Converting Categorical Data into Numerical Form in Machine Learning

Converting Categorical Data into Numerical Form in Machine Learning

Categorical data refers to variables that represent categories or labels rather than numerical values. For example, "color" could have categories like "red," "blue," and "green." Machine learning algorithms, however, typically require numerical input to perform computations. Converting categorical data into numerical form allows these algorithms to process and learn from the data.

Why Is It Important?

  1. Algorithm Requirements - Most machine learning algorithms, like regression, SVM, and neural networks, require numerical input. Categorical data must be transformed to fit these algorithms.
  2. Data Consistency - Numerical data can be processed more consistently and efficiently by algorithms compared to categorical data.
  3. Performance - Properly transforming categorical data can improve the performance and accuracy of machine learning models.

3 Ways to Convert Categorical Data

Here are several methods for transforming categorical data into numerical format, demonstrated using synthetic dataset.

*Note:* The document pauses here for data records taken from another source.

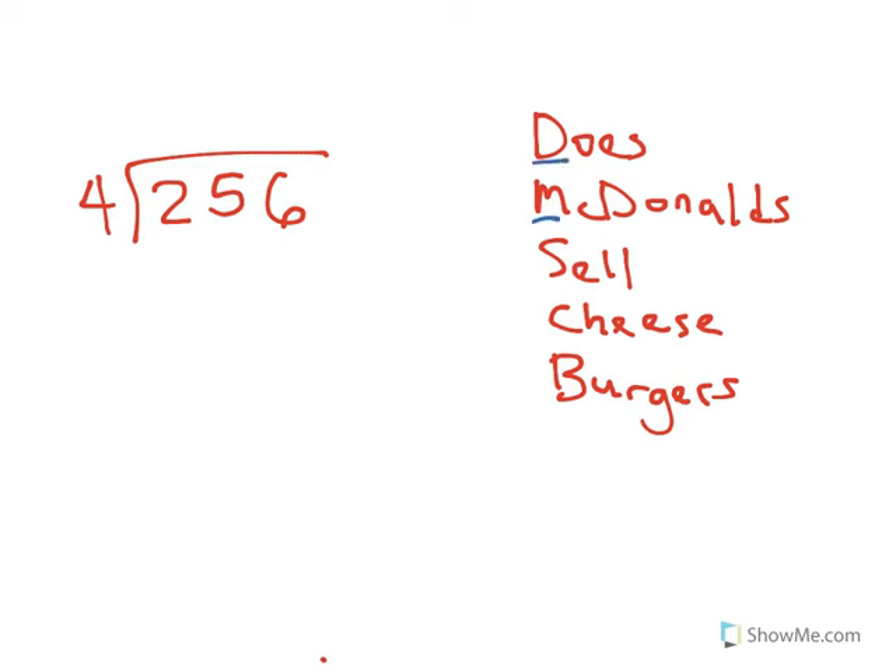So now I've got a new problem. Does McDonald's sell cheeseburgers — I wrote that out here just to remind us of the steps. The first thing: can I put 4 into 2? I cannot, so I put a 0 up here — that's the division part. Then 0 times 4 is 0 — that's the multiplication. Subtract, and I get 2. I check my answer: is 2 less than 4? Yes it is, so I know I don't have an extra 4 I can pull out. Then I bring down the next number.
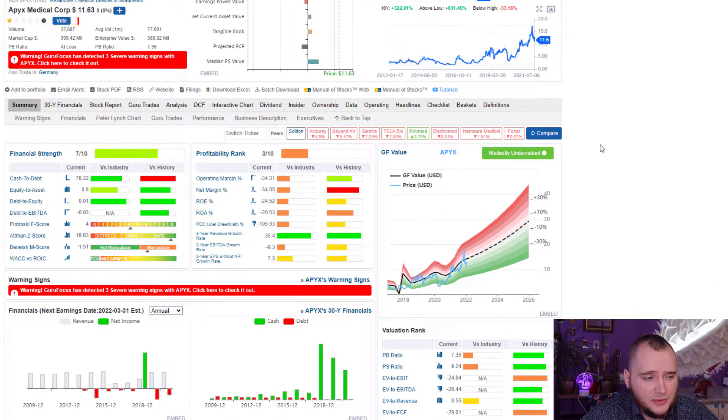If we check this company on Guru Focus, they think it can be really interesting because their 2026 value estimate is 29 dollars, and now it is trading at 11 dollars. Maybe they are right.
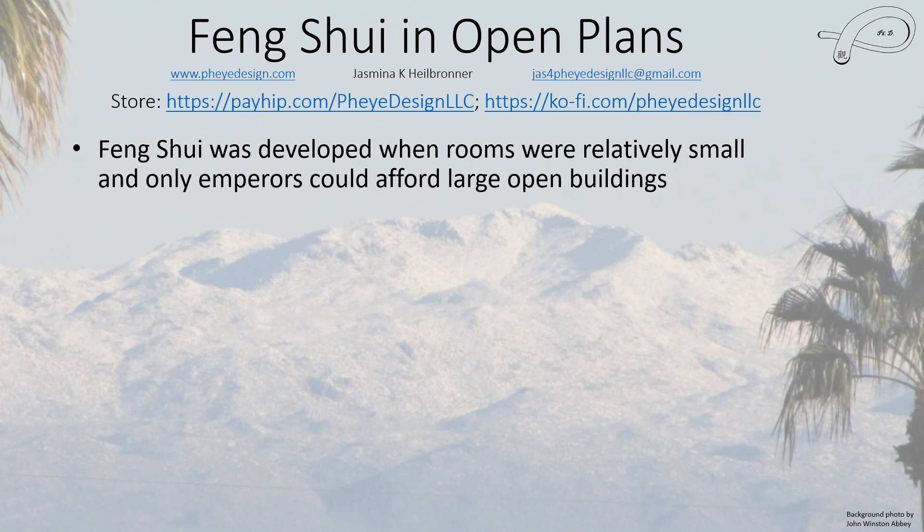Hello everyone, this is Jasmina and in this video I'm going to talk about how to deal with feng shui in open floor plans. Feng shui was developed when rooms were relatively small and only emperors could really afford large open buildings. Those buildings were not for living; they were doing official work. Large open spaces are actually good for feng shui because you don't have to worry about walls and doors stopping the flow of qi. A studio apartment is actually good because every single area receives qi simply because there are no walls.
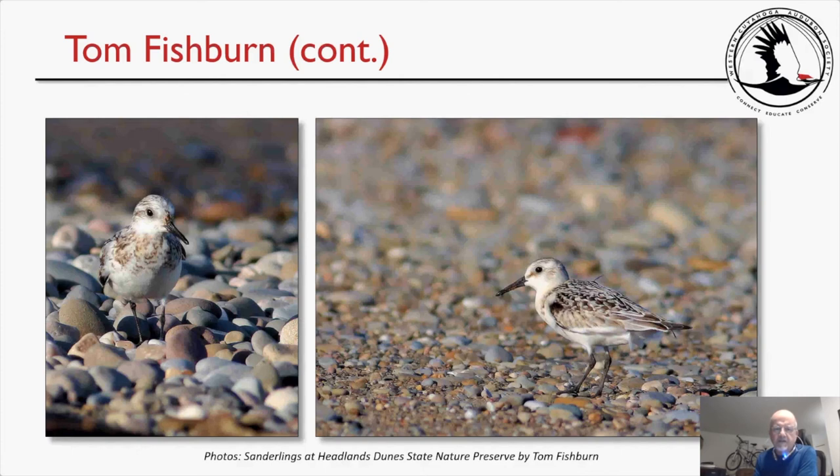Tom mentions that the cobble beach is good habitat for piping plovers. He has spoken with the preserve manager and learned that starting November 1st, a section of the preserve will be closed off to protect the area for piping plovers and the specialized vegetation. Now that piping plovers have been nesting at Maumee Bay, the hope is that they may show up at Headlands some springs. The preserve has a good number of endangered species.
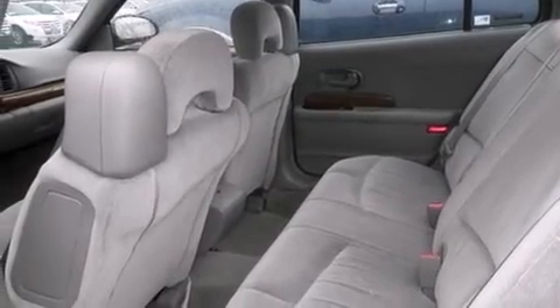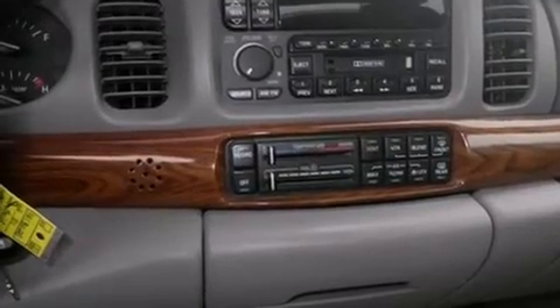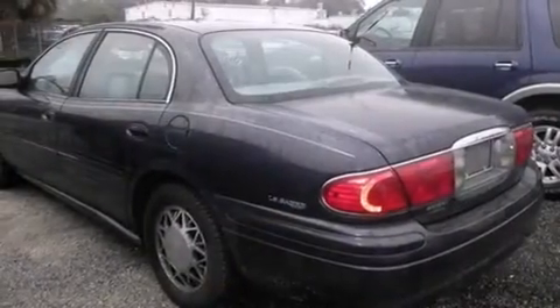All of the following features are included: cruise control, full-power accessories, a rear window defroster, a passenger side airbag, a chrome grille, tinted glass, dusk-sensing headlights, an anti-lock braking system, and air conditioning.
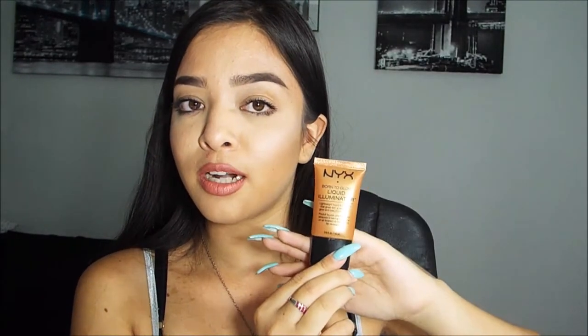Before we move on, I've been using the NYX Born to Glow Liquid Illuminator in the color Pure Gold — one of the new products I've been trying out this summer. I just mix it with my foundation and it gives the most beautiful, glowy, dewy, bronze look ever. Sometimes I'll use it without my foundation, but I've mainly been mixing it in with my foundation and then using a highlighter over top.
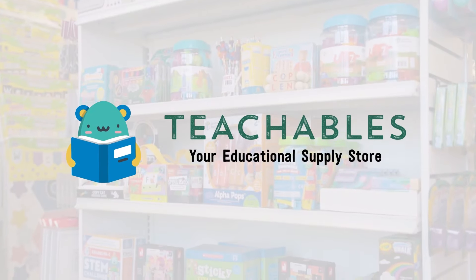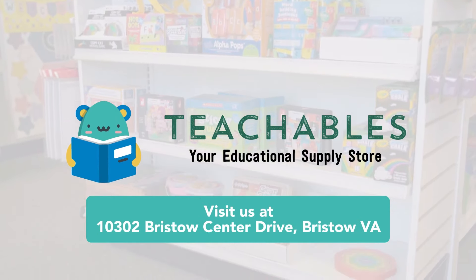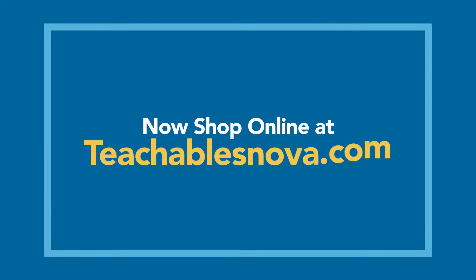Teachables, your educational supply store. Visit us at 10302 Bristow Center Drive, Bristow, Virginia. Now shop online at teachablesnova.com.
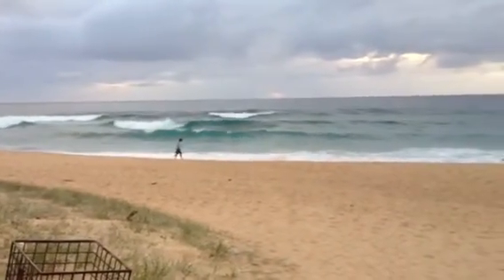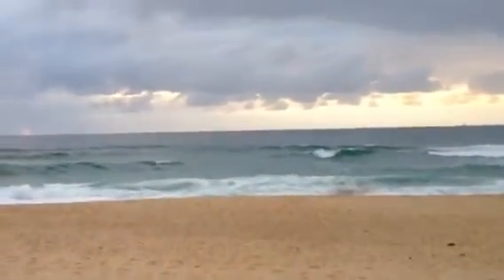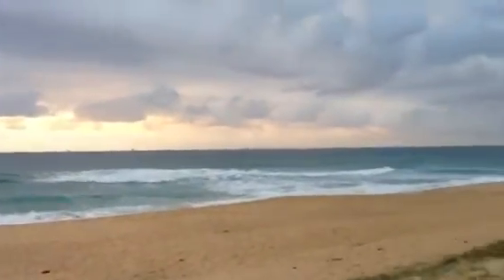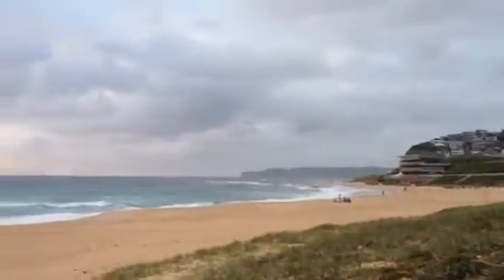It's very full conditions, some fun little waves. See that little inside break there — that's just looking at Malibu corner, just down from Dixon Park. But that's the ominous sort of sign there, just looking out to the south down towards Merriweather.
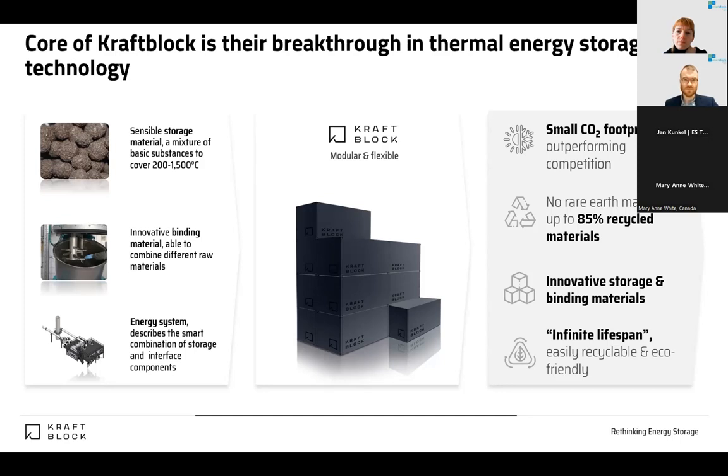Then we designed the storage system around our storage material to realize additional benefits from the mechanical and thermal combination. We ended up with a modular system based on 10, 20, and 40-foot containers — standard transport containers. The reason is simple: you can easily prefabricate them in a production line and transport them by truck, train, or ship, making it easy to get them to any construction site.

Download the full notebook here

Code for generating the dataset

import pandas as pd
import numpy as np

# Set random seed for reproducibility
np.random.seed(42)

# Define sample data
num_records = 1000

# Generate random categorical data
colors = np.random.choice(['red', 'blue', 'green', 'yellow'], num_records)
sizes = np.random.choice(['small', 'medium', 'large'], num_records)
categories = np.random.choice(['A', 'B', 'C'], num_records)

# Generate random numerical data
values = np.random.randn(num_records) * 10

# Create DataFrame
df = pd.DataFrame({
    'color': colors,
    'size': sizes,
    'category': categories,
    'value': values
})

print(df.head())

Let's understand each way using examples

1. Label Encoding

LabelEncoder is a tool in machine learning used to convert categorical labels into numeric values. It encodes target labels with value between 0 and n_classes-1 Imagine you have a list of categories like "apple," "banana," and "cherry." Instead of working with these text labels directly, LabelEncoder transforms them into numbers: for example, "apple" might become 0, "banana" 1, and "cherry" 2. This is helpful for algorithms that work better with numbers than with text.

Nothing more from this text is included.